The methods can include applying an upward force on at least a portion of the locating assembly 100 prior to the application of the first downward force. As can be seen when comparing FIGS. 1A-1C to FIGS. 2A-2D, an application of the upward force can cause the positioning device 40 to move upwards along the outside of the outer mandrel 20. The finger 42 can slide past the indicator coupling 50. The indicating shoulder 43 of the positioning device 40 can now be located above the locating shoulder 51 of the indicator coupling 50. The upward travel of the positioning device 40 can be halted when the cap 41 comes in contact with the upper positioning device shoulder 24 and/or the finger shoulder 44 shoulders against the outer mandrel shoulder 23. In this manner, the positioning device 40 is incapable of any further upward travel along the outside of the outer mandrel 20. The distance D1 between the cap 41 and the upper positioning device shoulder 24 can be adjusted and predetermined. The distance D1 can be adjusted based in part on the length necessary for the indicating shoulder 43 to be located above the locating shoulder 51 after the application of the upward force. The outer diameter (O.D.) of the outer mandrel 20 at location L1 can be greater than the O.D. of the outer mandrel 20 at other locations along the outer mandrel 20. The greater O.D. at location L1 can prop the finger 42 of the positioning device 40 in an expanded, outward position.

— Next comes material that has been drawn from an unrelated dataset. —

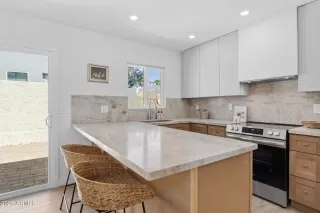 Photo #5: 6948471 Listing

After the positioning device 40 moves upward along the outside of the outer mandrel 20, the first downward force can be applied. As stated previously, causing the application of any of the downward forces can include applying a force, such as lowering a section of a tubing string, from an area above the wellhead. The step of allowing the application of the downward force can include cessation of an application of the upward force or movement on the portion of the positioning device 40. As can still be seen in FIGS. 2A-2D, when the first downward force is applied, the positioning device 40 can move to the first position. The positioning device 40 can move downwards along the outside of the outer mandrel 20 into the first position. The positioning device 40 can also be maintained in the first position for a desired amount of time. When the positioning device 40 is moved to the first position, the tool can also be located in the first position. When the positioning device 40 is maintained in the first position, the tool can also be maintained in the first position. The positioning device 40 can be maintained in the first position by preventing the positioning device 40 from moving downward any further along the outside of the outer mandrel 20. Further downward movement can be prevented by the positioning device 40 shouldering up against the indicator coupling 50 via the indicating shoulder 43 of the positioning device 40 and the locating shoulder 51 of the indicator coupling 50. The shouldered connection can be maintained in part due to the greater O.D. of the outer mandrel 20 at location 1 L1, which maintains the finger 42 of the positioning device 40 in the expanded position. Any subsequent downward force does not move the positioning device 40 further down on the outer mandrel 20.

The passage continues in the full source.